The Supreme Court’s latest hearing on the Maharashtra local body reservations returns us to a question that we keep revisiting without ever really solving. We are told that the 50 percent ceiling from Indra Sawhney remains the law of the land. We are also told that democratic inclusion, especially at the grassroots, cannot wait indefinitely. But what happens when communities that constitute a decisive majority in a constituency are asked to squeeze themselves into a minority share of seats in the name of discipline. Can we then, really call it democracy if the largest group in a district sees itself absent from decision-making in its own local council?
The Court insists that elections must go on and insists that commitments to the constitutional limit must remain intact. This sounds perfectly reasonable in theory. Fair too. But when 57 bodies already breach the ceiling and the State admits that some tribal belts have near-complete dominance of Scheduled Tribes what does this perfectly reasonable theory achieve in practice. Do we tell a 99 percent tribal village that it can have at best half the seats and trust that equality is somehow achieved by denying a majority its own majority?
The State promises data. The Court asks for data. But what does data even mean in the absence of a caste census in nearly a century. How do we calculate proportionality without knowing the proportion. How long do we keep pretending that reservation is a precise scientific exercise when it is actually an act of approximation held together by hope and litigation. And if the Union now says it will conduct a caste census are we prepared for what happens when those numbers arrive. For if OBCs turn out to be 60 or 70 percent of a district do we save the ceiling by abandoning their representation or save their representation by abandoning the ceiling.
Or, of course, do we send the question to yet another larger Bench and wait another decade.

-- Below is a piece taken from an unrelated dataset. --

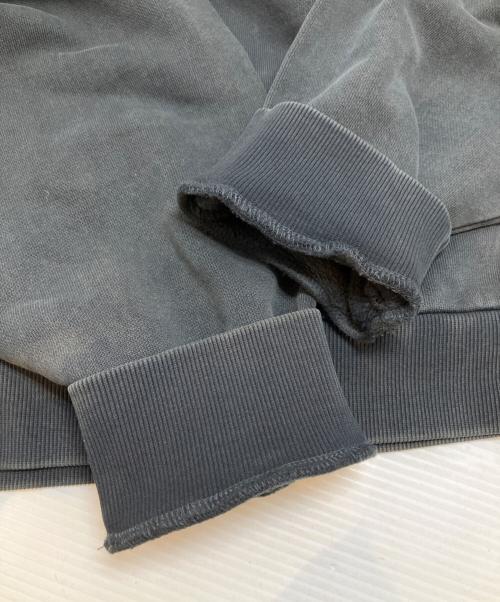 entire studios（エンタイアスタジオ）entire studios (エンタイアスタジオ) BOX CREW/WASH ブラック サイズ:Mの古着・服飾アイテム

Perhaps the bigger question the Court hints at is this — Who is democracy for? Are we preserving a schema that ensures no single group dominates public bodies. Or are we preserving a schema that ensures that historically dominant groups never feel the discomfort of seeing institutions fully reflect the social reality around them. When Kant CJ. says that people are not getting representation is he only referring to OBCs; or is it that is he referring to non reserved categories too? And who (by the way) is deciding which missing representation matters most?